It is therefore another important aspect of the present invention
that the gas discharge slots 24/28/32 are progressively larger,
with smaller arc-lengths beginning from the back of the compensator
assembly 10 to larger arc-lengths adjacent the front, while the
bore diameters 22/26/30 are themselves formed to be progressively
smaller, with larger diameters beginning from the back of the
compensator assembly 10 to smaller diameters adjacent the front. It
has been determined that this particular structural configuration
provides the preferred performance characteristic for the
compensator assembly 10. That is, the structural configuration of
the gas discharge slots 24/28/32 and the bore diameters 22/26/30
are designed to enhance the compensating effect on the jerk, or
kick, of the firearm, while also maintaining the greatest possible
muzzle velocity of the bullet discharged from the firearm.
As will be appreciated by consideration of FIGS. 1-6, the present
invention provides a compensator assembly 10 that may be removably
attached to the muzzle end of a firearm. Moreover, the compensator
assembly 10 may be employed without the need for marring the
integrity of the barrel or shroud of a firearm, or the lands and
grooves of the rifling inscribed in the inner surface of the
barrel. As previously noted, although a compensator assembly 10
having three gas discharge slots formed in three matching bore
diameters has been described, more or less gas discharge slots and
a differing number of bore diameters may be employed, without
departing from the broader aspects of the present invention.

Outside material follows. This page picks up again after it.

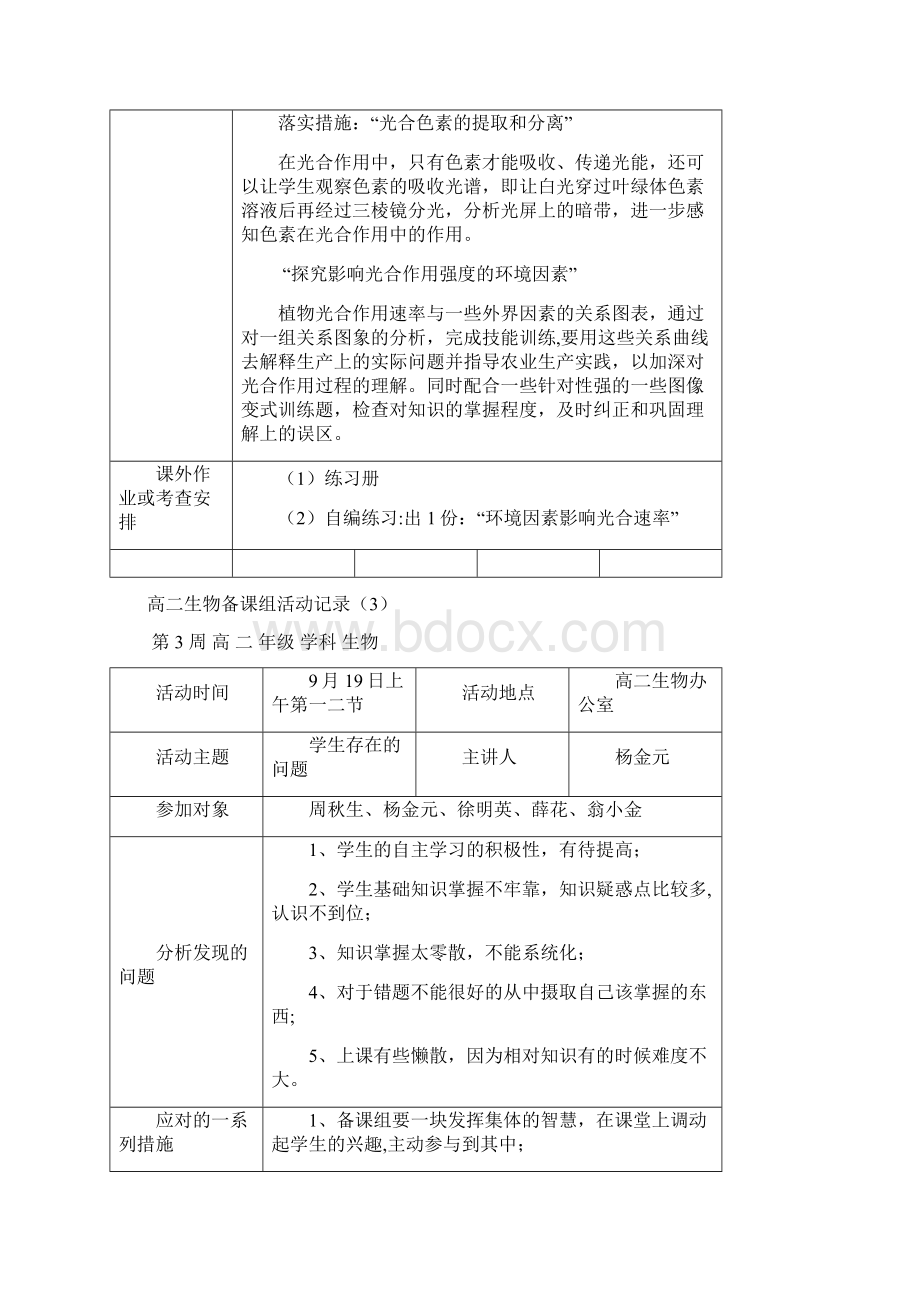 高二生物备课组活动记录Word下载.docx_第3页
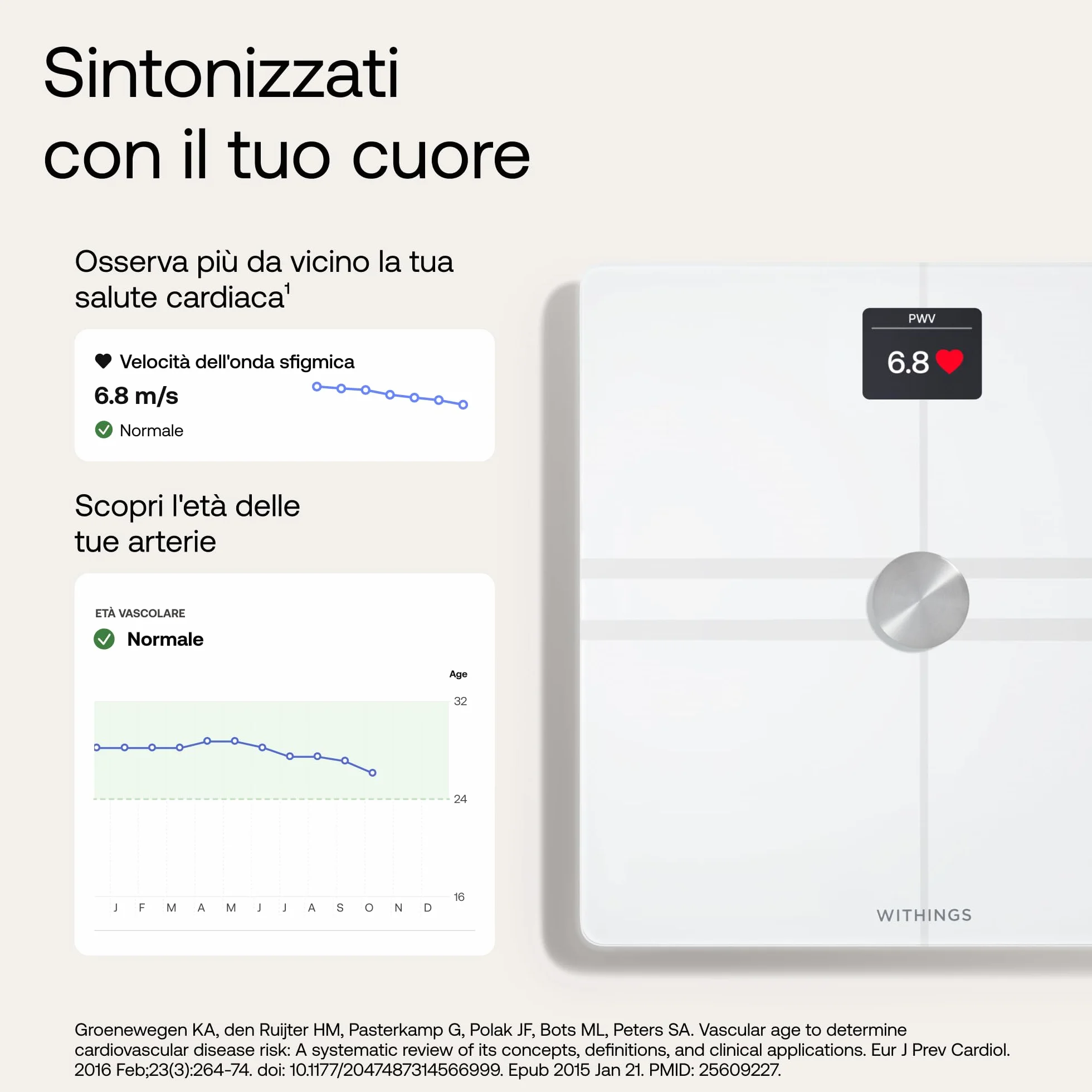 WITHINGS Body Comp - Bilancia pesapersone digitale WiFi con analisi corporea completa: peso, grasso corporeo, grasso muscolare, acqua e tracciamento cardiovascolare, Bilancia impedenziometrica, bianco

Indeed, a compensator assembly having only a single inner diameter
with one or more gas discharge slots is equally contemplated by the
present invention.
A preferred method of mating the compensator assembly 10 to the
barrel 18 and shroud 20 will now be explained in conjunction with
FIGS. 3, 7 and 8. Although not shown in FIG. 7, it will be readily
appreciated that the frame of the firearm to which the barrel 18
and shroud 20 are to be affixed will include matching, female
threads to mate with the threaded end 42 of the barrel 18 in
association with the final securing of the compensator assembly 10,
as will be explained shortly.
Considering now FIGS. 3, 7 and 8 in combination, it can be seen
that the mounting arms 36 define opposing channels 44, which are
sized in accordance with the distal end of the barrel 18. That is,
each of the channels 44 are formed by an extended, arcuate lip 46
which substantially conforms to and accommodates a flange 48 that
is formed at the distal end of the barrel 18.
The mating operation begins by an operator sliding the housing 12
of the compensator assembly 10 in a direction substantially
perpendicular to the firing axis of the barrel 18. By sliding the
housing 12 in the general direction of arrows M, the flange 48 with
become loosely accommodated within the opposing channels 44. The
housing 12 and the barrel 18 are urged towards one another in order
to move the mounting arms 36 into receptacles 50 formed in the
shroud 20. By doing so, a space is created in the opposing channels
44 such that a pair of spacers 51 may be slipped between the
mounting arms 36 and the flange 48. The spacers 51 are preferably
block, metal spacers which have the effect of pulling the
compensator assembly 10 back against the front flange 48 of the
barrel 18, as will be described in more detail later.
A special purpose barrel assembly tool, indicated generally at 52,
is then employed to draw the partially assembled elements, noted
above, in tight contact with one another. As shown in FIG. 7, the
illustrated tool 52 has a generally cylindrical axially elongated
shank 54 and an integral diametrically enlarged head 56 of
non-circular cross-section at one end. The presently preferred head
56 has a hexagonal cross-section substantially as shown. At its
opposite or leading end of the shank 54, a slightly conically
tapered portion 55 converges in a direction away from the head 56
in a predetermined condition of alignment. The shank 54 is sized to
be received within and substantially complement the muzzle bore 34
of the compensator assembly 10, including the barrel 18. The tool
52 further includes a plurality of spiral lands 58, which are equal
in number to the rifling grooves, inscribed within the inner
circumference of the barrel 18. The lands 58 project radially
outwardly from the shank 54 and extend for some distance
therealong, substantially as shown in FIG. 7.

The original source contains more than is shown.